* _Instructions to follow_
An exact copy of every record is needed, with all pictures omitted.

Collected data entries:
Content starts

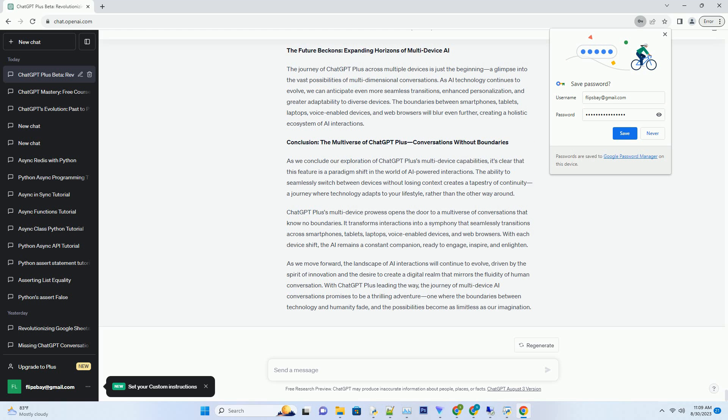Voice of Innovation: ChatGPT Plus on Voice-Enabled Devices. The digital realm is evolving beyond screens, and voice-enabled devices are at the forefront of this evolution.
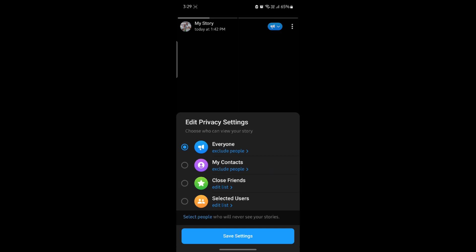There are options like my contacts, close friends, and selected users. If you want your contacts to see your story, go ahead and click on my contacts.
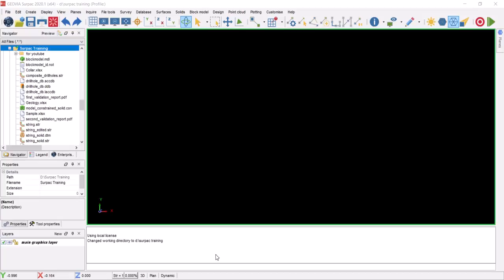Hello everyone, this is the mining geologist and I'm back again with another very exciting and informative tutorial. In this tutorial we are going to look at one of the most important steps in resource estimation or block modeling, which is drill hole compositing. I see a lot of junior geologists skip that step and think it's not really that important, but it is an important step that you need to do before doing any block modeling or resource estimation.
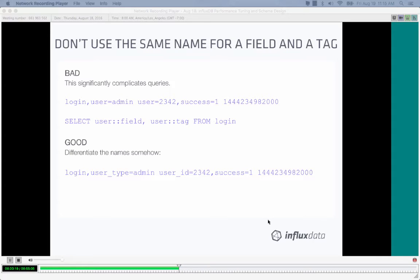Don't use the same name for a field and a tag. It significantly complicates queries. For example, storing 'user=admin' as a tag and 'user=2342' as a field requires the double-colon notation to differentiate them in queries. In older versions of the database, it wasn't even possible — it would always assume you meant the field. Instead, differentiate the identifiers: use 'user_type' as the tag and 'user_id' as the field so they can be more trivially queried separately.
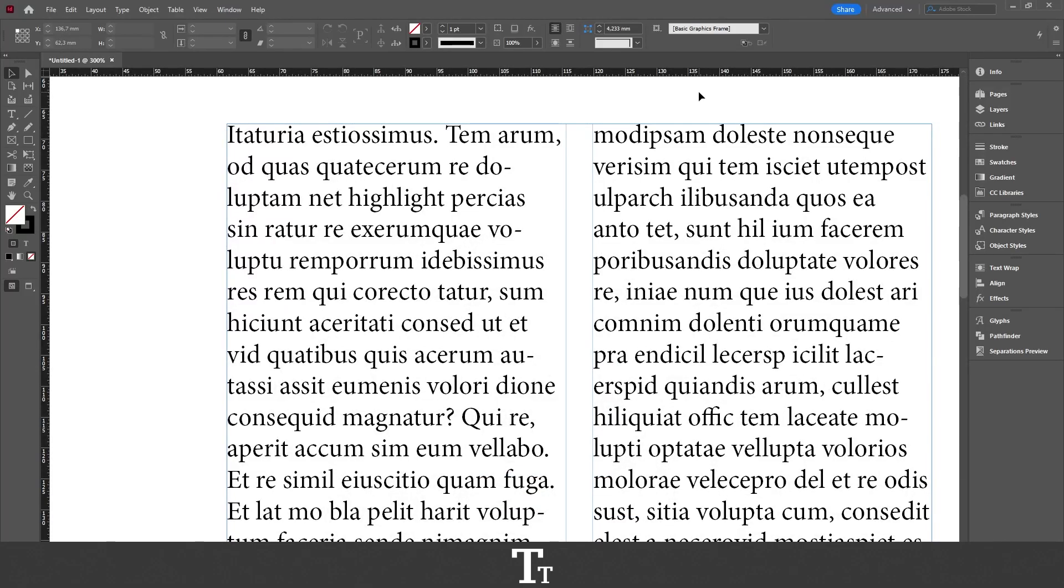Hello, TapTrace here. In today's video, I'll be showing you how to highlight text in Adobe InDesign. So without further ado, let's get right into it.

Content ends

* _Finished task_
Voice of Innovation: ChatGPT Plus on Voice-Enabled Devices. The digital realm is evolving beyond screens, and voice-enabled devices are at the forefront of this evolution.
There are options like my contacts, close friends, and selected users. If you want your contacts to see your story, go ahead and click on my contacts.
Hello everyone, this is the mining geologist and I'm back again with another very exciting and informative tutorial. In this tutorial we are going to look at one of the most important steps in resource estimation or block modeling, which is drill hole compositing. I see a lot of junior geologists skip that step and think it's not really that important, but it is an important step that you need to do before doing any block modeling or resource estimation.
Don't use the same name for a field and a tag. It significantly complicates queries. For example, storing 'user=admin' as a tag and 'user=2342' as a field requires the double-colon notation to differentiate them in queries. In older versions of the database, it wasn't even possible — it would always assume you meant the field. Instead, differentiate the identifiers: use 'user_type' as the tag and 'user_id' as the field so they can be more trivially queried separately.
Hello, TapTrace here. In today's video, I'll be showing you how to highlight text in Adobe InDesign. So without further ado, let's get right into it.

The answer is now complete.